A short walk away in Sandton, breezes circulate between widely spaced homes and children play underneath mature tree canopy.
It is an ordinary summer’s day in South Africa’s largest urban area but for residents of these neighboring districts, the temperatures seem a world apart.
Like cities the world over, Johannesburg and Ekurhuleni have stepped up their actions in response to climate change.
More than 100 volunteers ventured out into the streets carrying heat stress monitors. The study, made possible by the National Treasury’s Cities Support Programme, the Swiss Secretariat for Economic Affairs, and the City Resilience Program, established striking facts about heat today and how it relates to historical legacies and future challenges.
Summer in the city: Heat meets history
Johannesburg and Ekurhuleni are part of Gauteng Province, an economic powerhouse region that produces some 35% of South Africa’s GDP. Arriving by plane, visitors often see thousands of blue-flowering jacaranda trees that were planted in the 1920s as residential suburbs expanded.
But the cities, like their populations, are a complex tapestry of influences. Among these are the legacies of apartheid spatial planning practices that left some neighborhoods lush, green, and spacious but others dense and bereft of trees.

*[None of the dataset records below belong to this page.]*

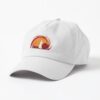 ssrcodad hatproductfafafaca443f4786front three quartersquare1000x1000 bgf8f8f8 19 - Gintama Shop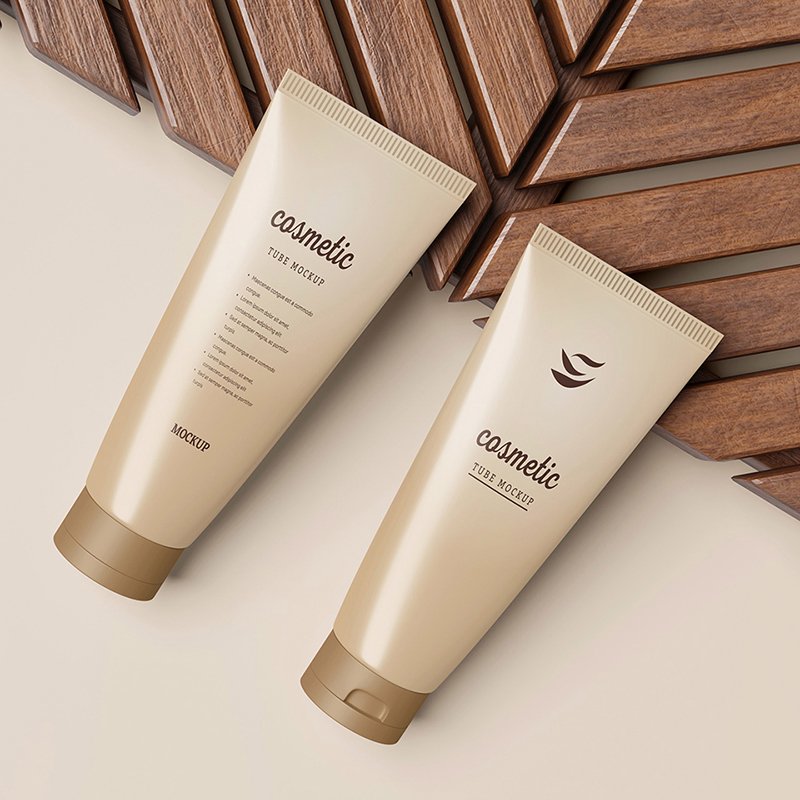  <span class="lte-header lte-h6"> Continuous Assistance </span> 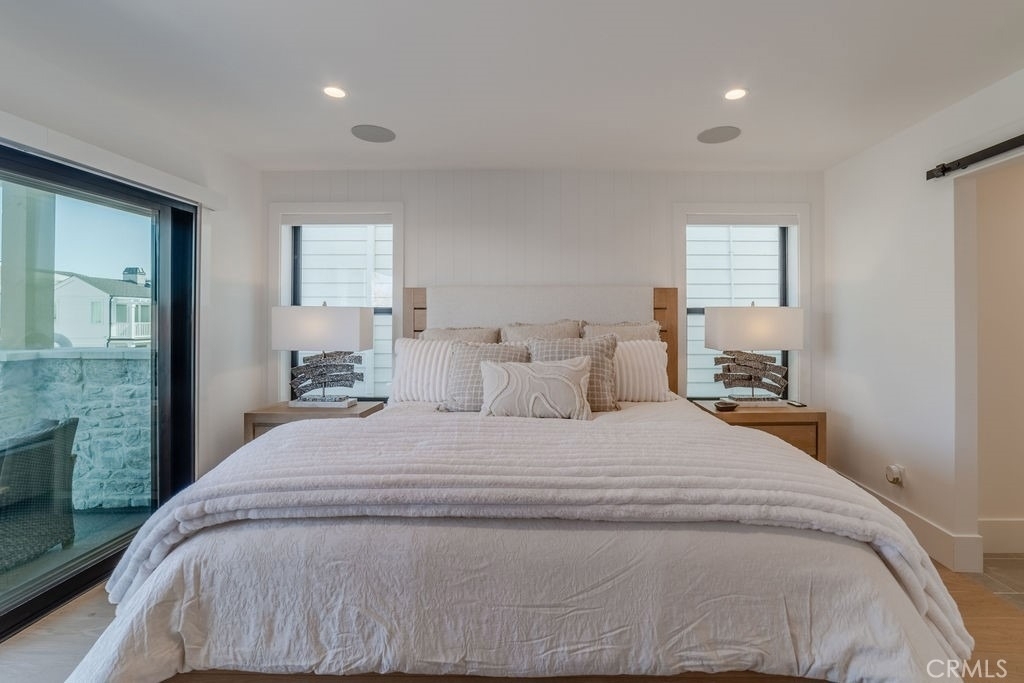 603 Acacia Avenue - Photo 18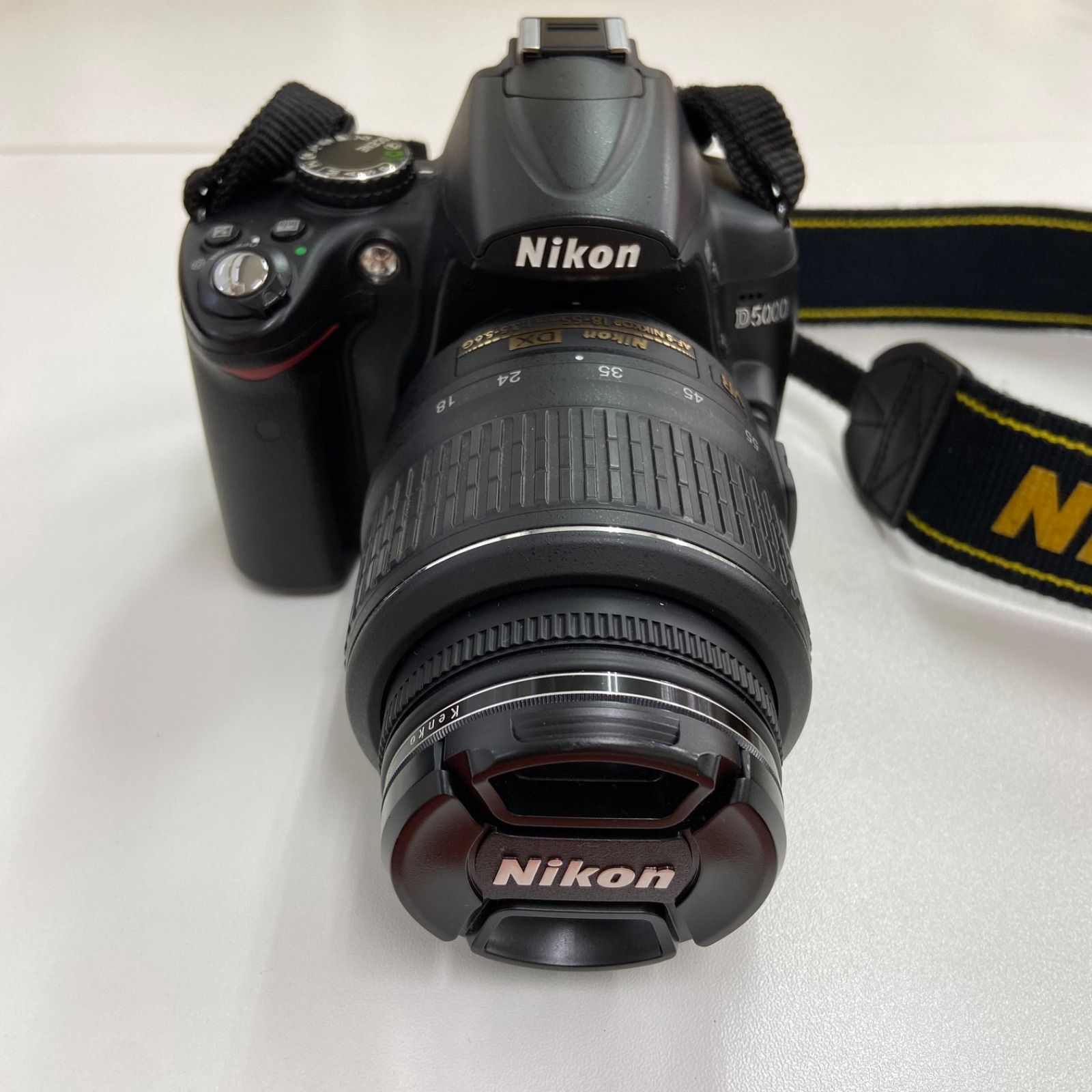 最終値下げ】【クリスマス】【動作確認済み】Nikon ニコン デジタル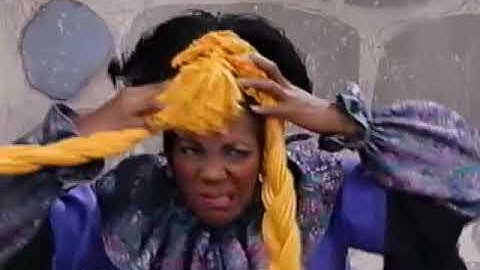 Once Upon A Time (Canada Version) Part 32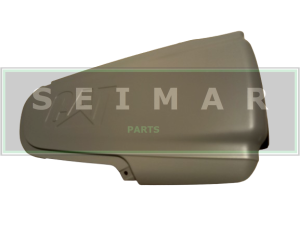 POKRYWA CAT 260-5084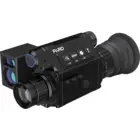 Тепловизионный прицел Pard SA-19LRF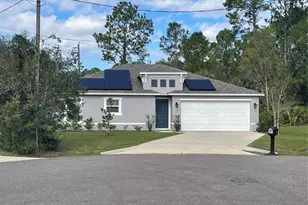 5 Senor Pl, Palm Coast, FL 32164 - Photo 2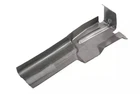 Genuine Chevrolet Lh Back Body Pillar 15989490 New. Price: $55.02.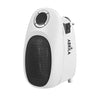 Mini Termoventilador Cerámico Malasia Fabrilamp / Abrila 230010501
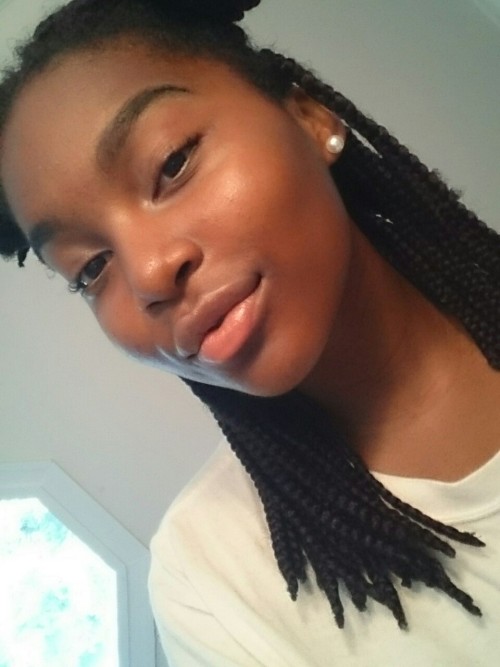 blvcksunflower:  #blackout today because I hit my post limit early yesterday
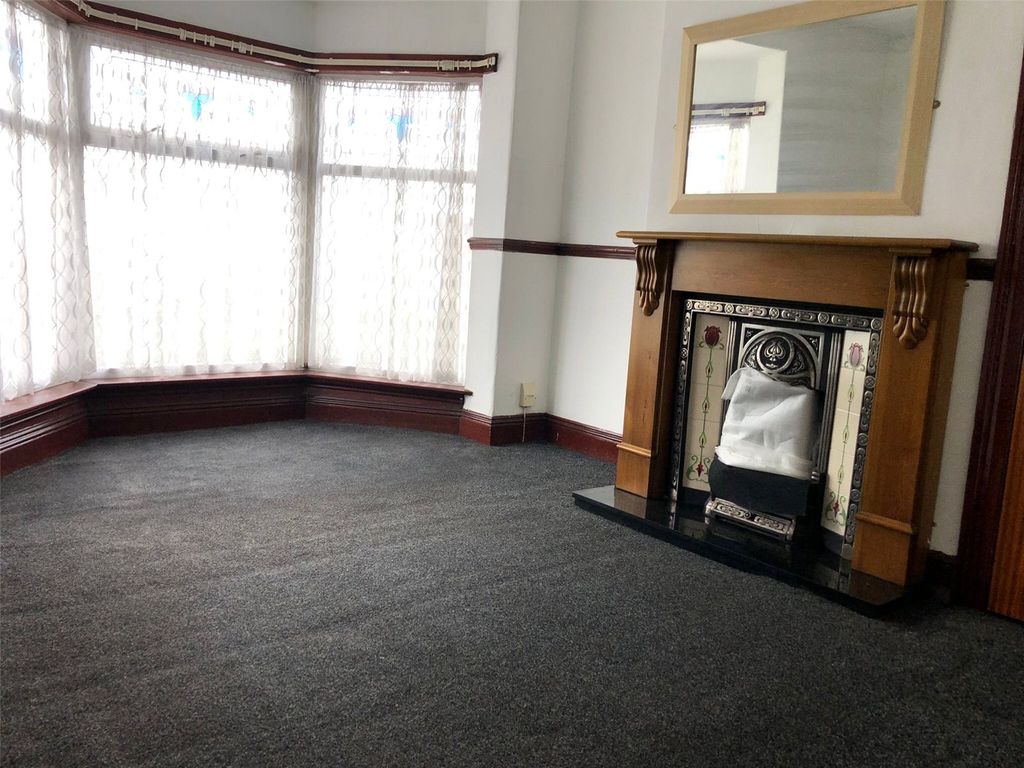 Property photo 2 of 3 Picture No. 01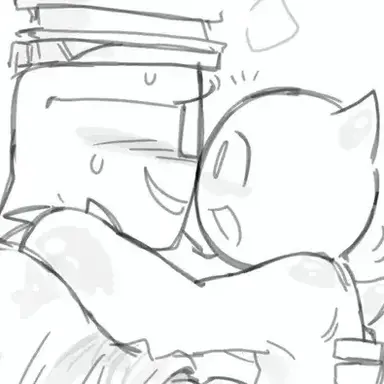 Profile image of C00lkidd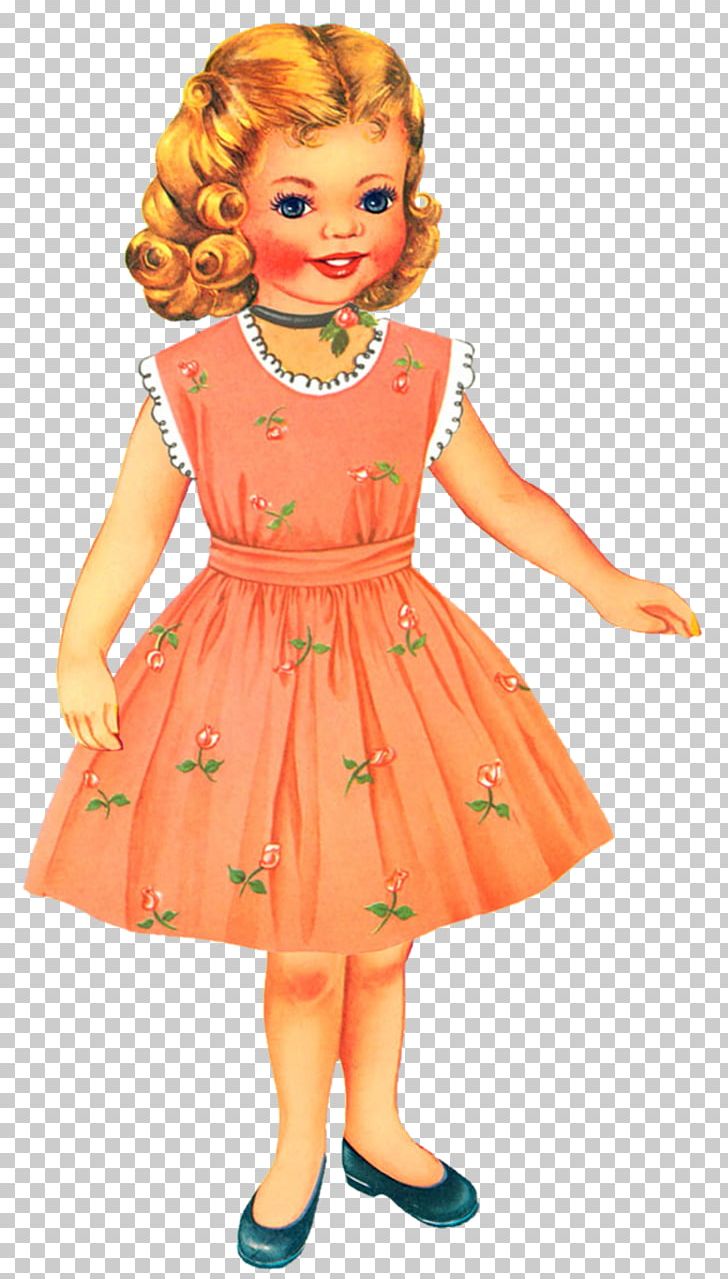 Paper Doll Dress Clothing PNG, Clipart, Baby Alive, Bag, Barbie, Blouse, Child Free PNG Download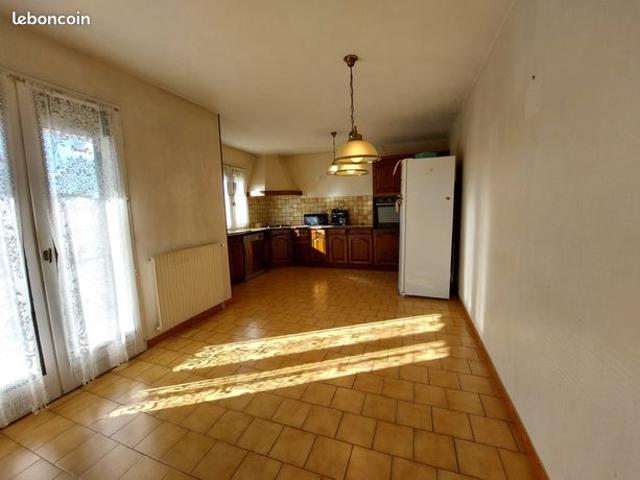 Maison vente à Albi, Marssac-sur-tarn
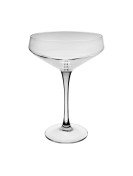 Champagneglas 30 cl Coupe, 24-pack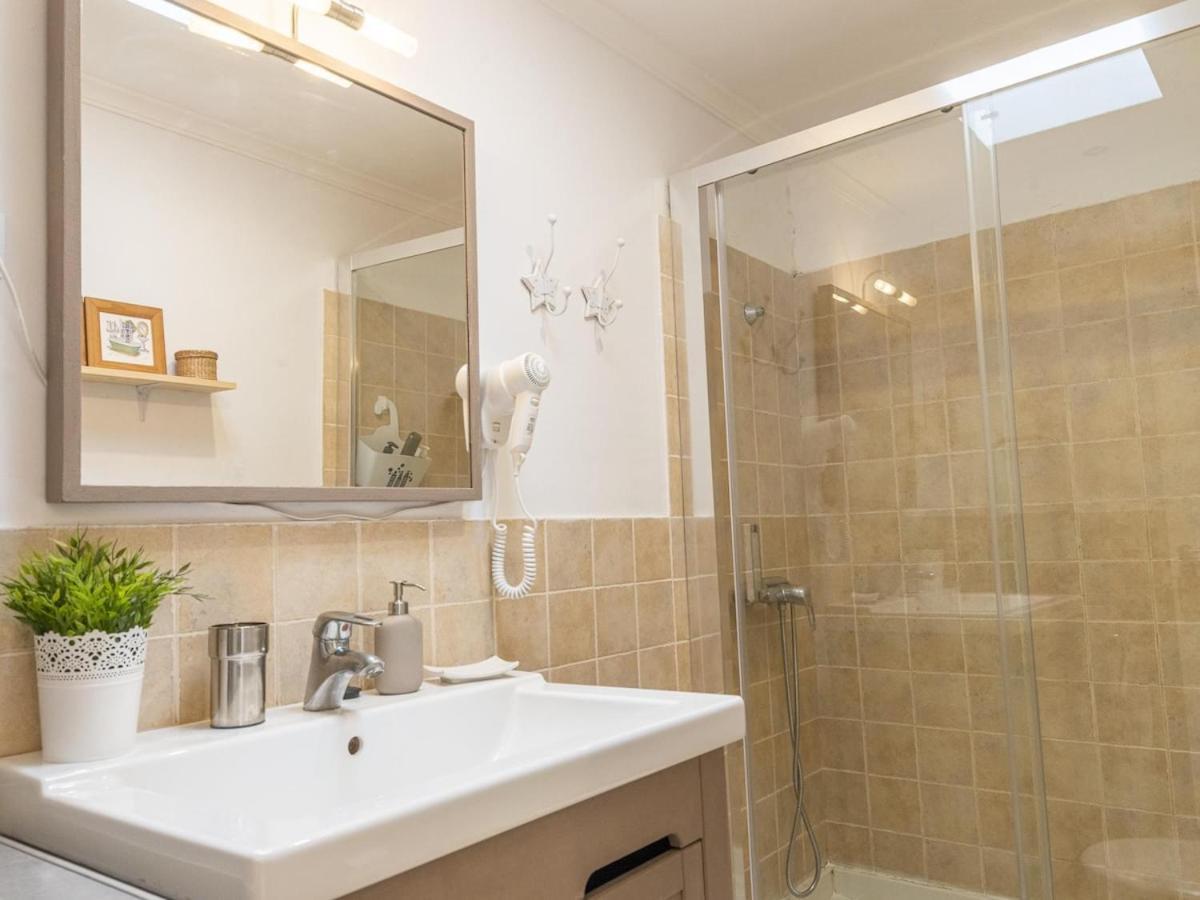 Bungalow Familiar Los Tunos Maspalomas マスパロマス エクステリア 写真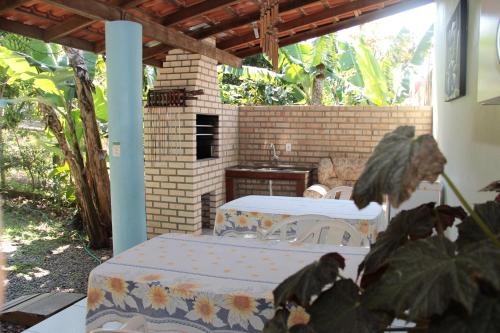 Residencial Aracuã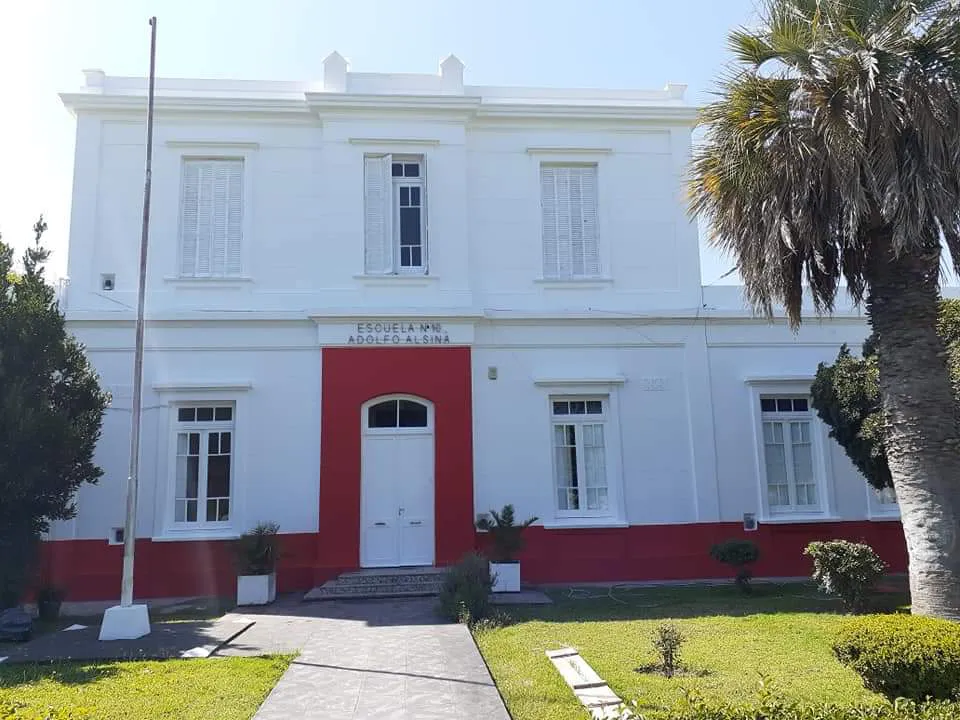 277735700_371381255003146_5506920908367878610_n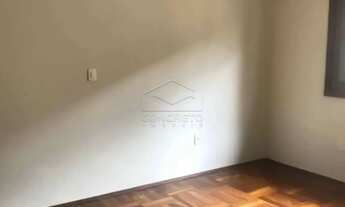 Imagem 3: EXCELENTE RESIDÊNCIA - ALTOS DA CIDADE - 3 DORMITÓRIOS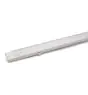 Noxion LED Easy Trunk Nadaje Się Do TRILUX T5E 60W 8700lm 90D - 850 Zimna Biel | 1500mm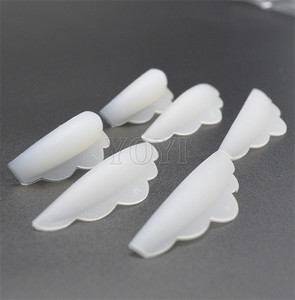 Nouvelles tiges <span class=keywords><strong>de</strong></span> <span class=keywords><strong>rehaussement</strong></span> <span class=keywords><strong>de</strong></span> <span class=keywords><strong>cils</strong></span> en silicone souple pour le lifting des <span class=keywords><strong>cils</strong></span> et les bouclages <span class=keywords><strong>de</strong></span> <span class=keywords><strong>cils</strong></span> - Product Image 2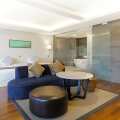 Watermark Hotel & Spa
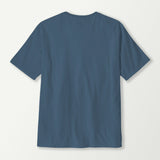 indigo blue_back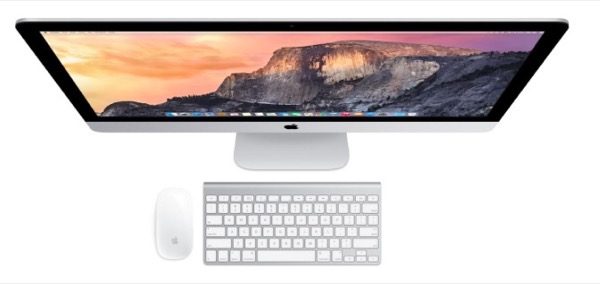 os-x-10-10-3-apple-elargit-le-soutien-de-la-4k-et-de-lultrahd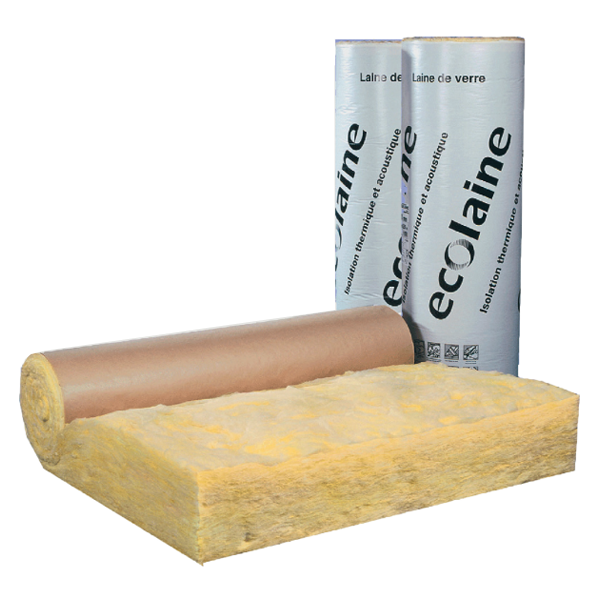 découvrez les prix d'isolation des combles pour améliorer le confort de votre maison tout en réalisant des économies d'énergie. comparez les tarifs selon les matériaux et les types d'isolation.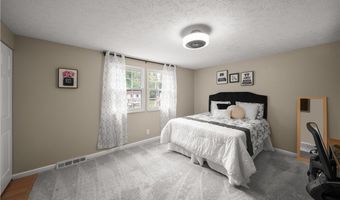 3464 Ensign Cv, Aurora, OH 44202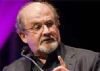 Nothing is unfilmable: Salman Rushdie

Hundreds of readings taken by the campaign volunteers established a clear fact: heat exposure differs based on where you live.
Temperatures across most of the city are 3-4°C higher than in the nearby countryside, but in the hottest neighborhoods — primarily townships that have dense buildings, little vegetation, and where the majority of residents are black — the temperature differential reaches 6°C.
Forward-looking climate modeling showed that the inequalities could become even more acute.
Indoor heat exposure is another concern: temperatures inside wood-frame, corrugated-iron homes were observed to be 15°C higher than in modern brick or concrete homes nearby.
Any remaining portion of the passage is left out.